In 1950, Stoddard hired a young forester named Leon Neel, a recent University of Georgia graduate and Thomasville native. He taught Neel how to mark timber and how to burn, and in 1963 the two formed an official partnership in the forestry consulting/ wildlife management business. Leon, now in his 70s, continues to manage private lands under the terms of the Stoddard-Neel method, a conservation ethic that puts biodiversity and a healthy ecosystem before economic returns off the forest. The owner can make money off his or her land, but over time and through selective cutting, not in the lump-sum payments afforded by clear-cuts on pine plantations.

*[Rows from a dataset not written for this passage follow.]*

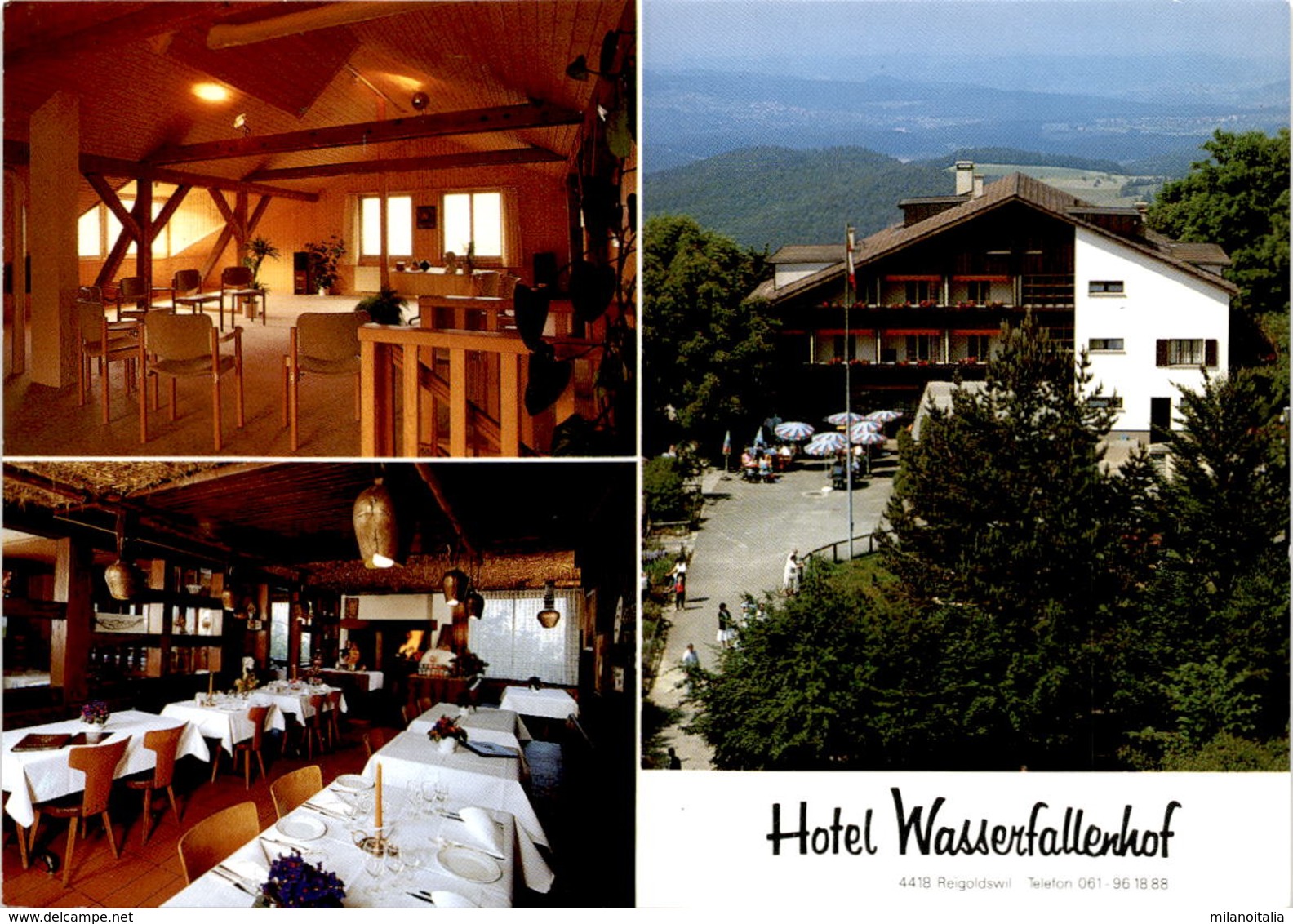 Hotel Wasserfallenhof - Reigoldswil - 3 Bilder - Reigoldswil
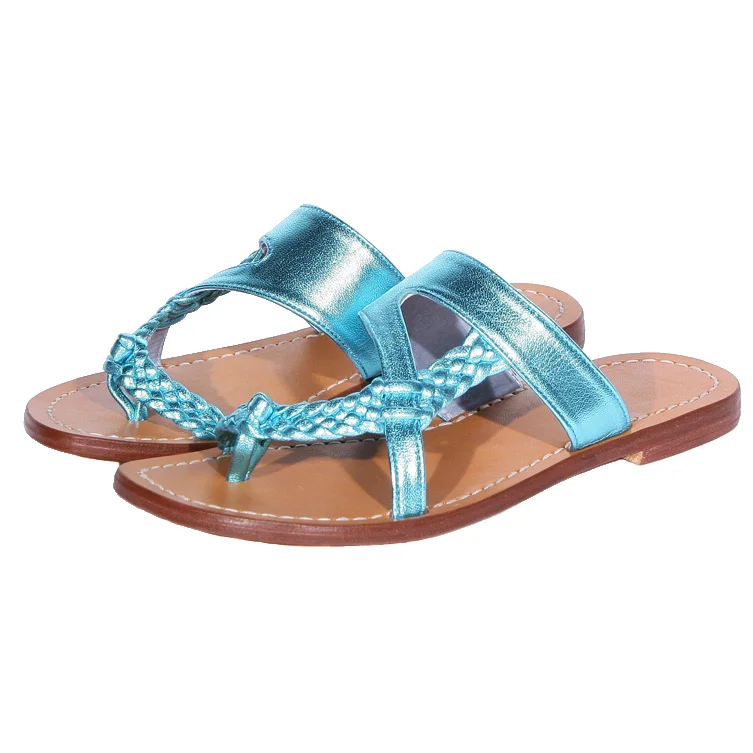 Stunning lightweight sandals earth® Skylar Round Toe Lightweight Casual Flat Sandals main image 4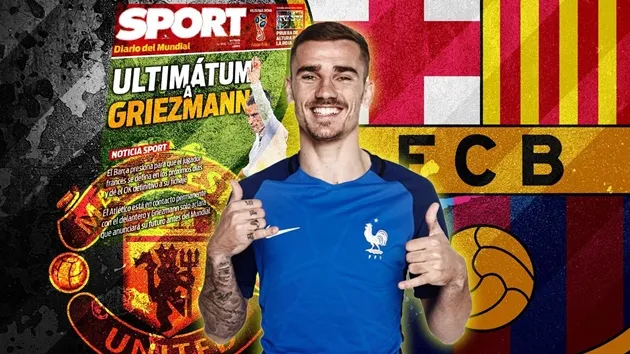 Griezmann lên tiếng tương lai - Bóng Đá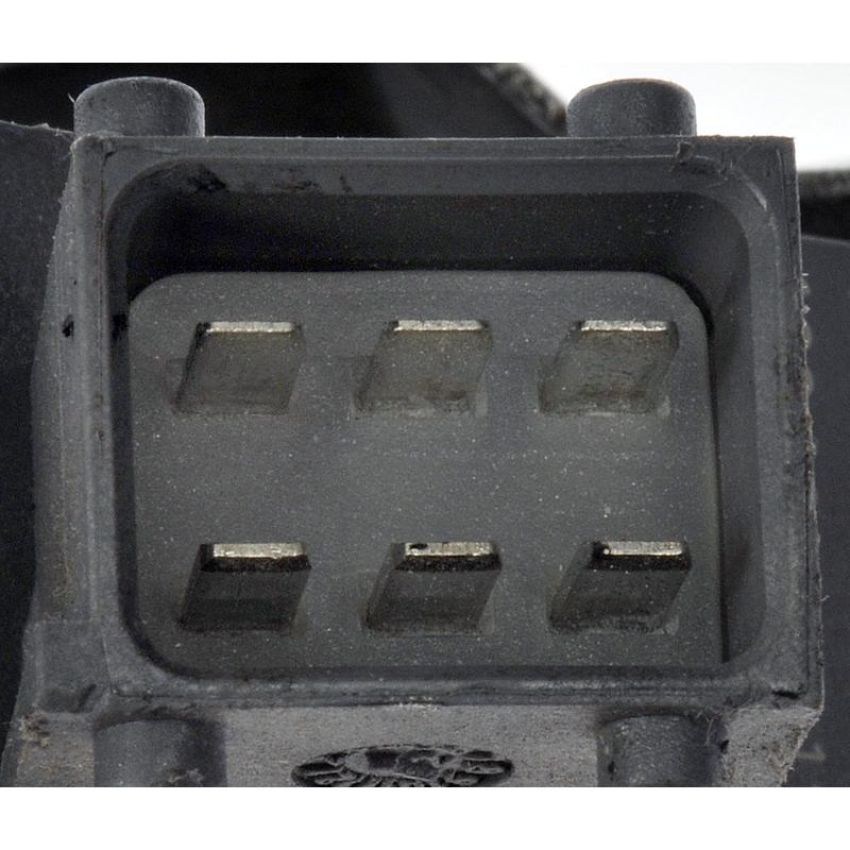 DORMAN 748-200 Power Window Regulator And Motor Assembly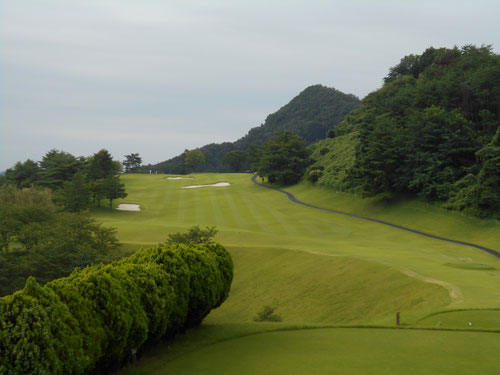 足利城ゴルフ倶楽部コース画像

"We can always cut timber, and we've always got a healthy ecosystem going," Neel explains. "There's never a choice between the two, because our system builds a situation where you maintain the ecosystem and yet you get an economic return off it.
"He was a fine man," Neel says of Stoddard. "He was tough but he was gentle. There was no foolishness about him. He was smart and focused. He knew so much, and he'd been so many places. It was just a great experience."

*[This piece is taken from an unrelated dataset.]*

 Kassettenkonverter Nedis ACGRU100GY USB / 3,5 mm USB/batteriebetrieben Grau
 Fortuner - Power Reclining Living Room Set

"I think they have done more together-Mr. Stoddard and then Leon-than anyone in the Southeast for furthering sustainable forestry and the longleaf pine," says Hopkins.
In 1957, Harry Beadel, a sportsman and amateur naturalist, donated property in Tallahassee for the creation of Tall Timbers Research Station. Stoddard and Ed Komarek, along with Leon Neel and Roy Komarek, turned the land into a model working landscape where sustainable forestry and consumptive use could coexist. Tall Timbers continues to generate information on land management and conservation in the Red Hills area, data it hopes to see applied regionally and nationally.
Herbert Stoddard's conservation ethic provided a fine example for current proponents and managers of longleaf pine ecosystems. "I have learned that without Nature man has nothing," he wrote in 1969, one year before his death, "and my greatest desire would be satisfied if I could know that my grandchildren, and their children after them, will develop a love, an understanding, and an appreciation of the natural world. They can find no greater satisfaction in life."